* _Prompt_
Leave every picture out, then reproduce the rest of the listing exactly.

* _Collected data_
BEGIN

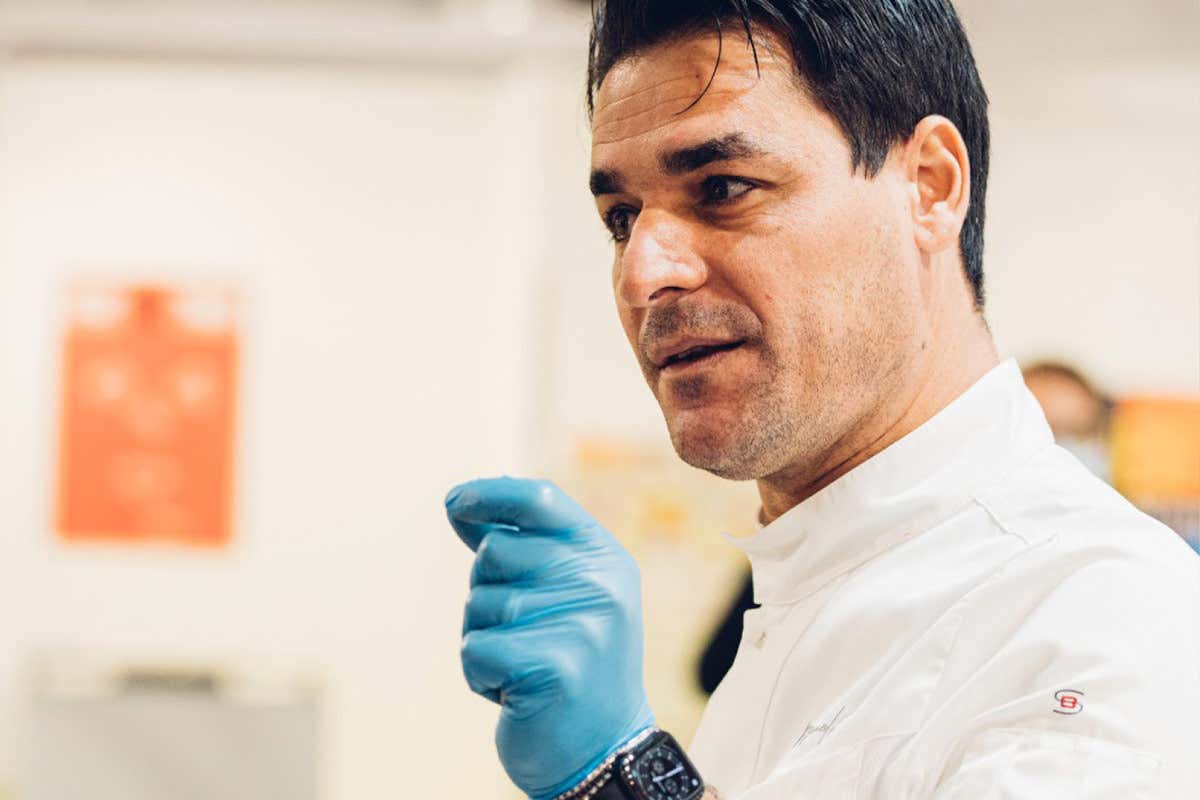 Pasquale Palamaro [[Giro del Golfo in otto giorni]]: Albergo Regina Isabella a Ischia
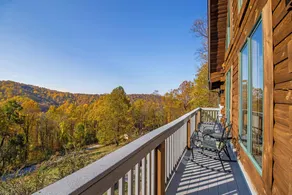 Hot Tub, Scenic Views, Pet Friendly! - Image 5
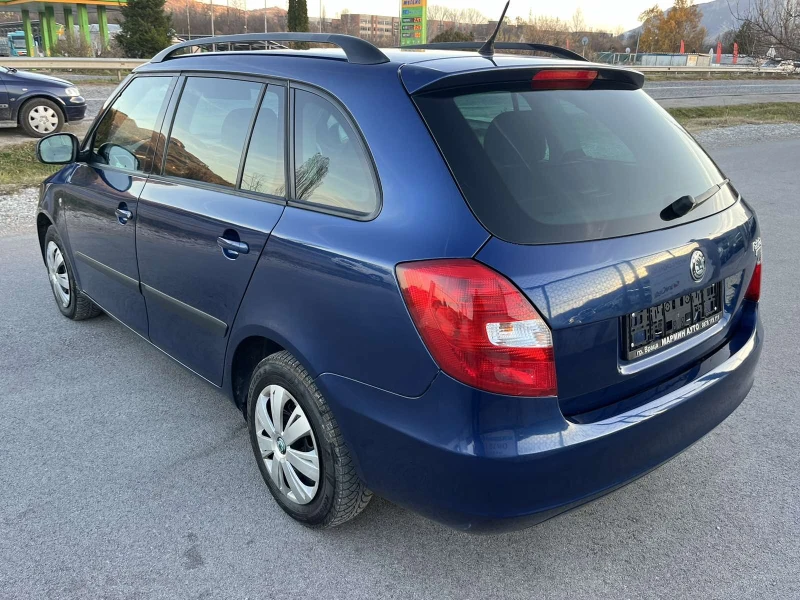 Skoda Fabia 1.2I 70кс. 169 000км EURO 4 КЛИМАТРОНИК , снимка 5 - Автомобили и джипове - 48131712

END

* _Finished task_
 Pasquale Palamaro [[Giro del Golfo in otto giorni]]: Albergo Regina Isabella a Ischia
 Hot Tub, Scenic Views, Pet Friendly! - Image 5
 Skoda Fabia 1.2I 70кс. 169 000км EURO 4 КЛИМАТРОНИК , снимка 5 - Автомобили и джипове - 48131712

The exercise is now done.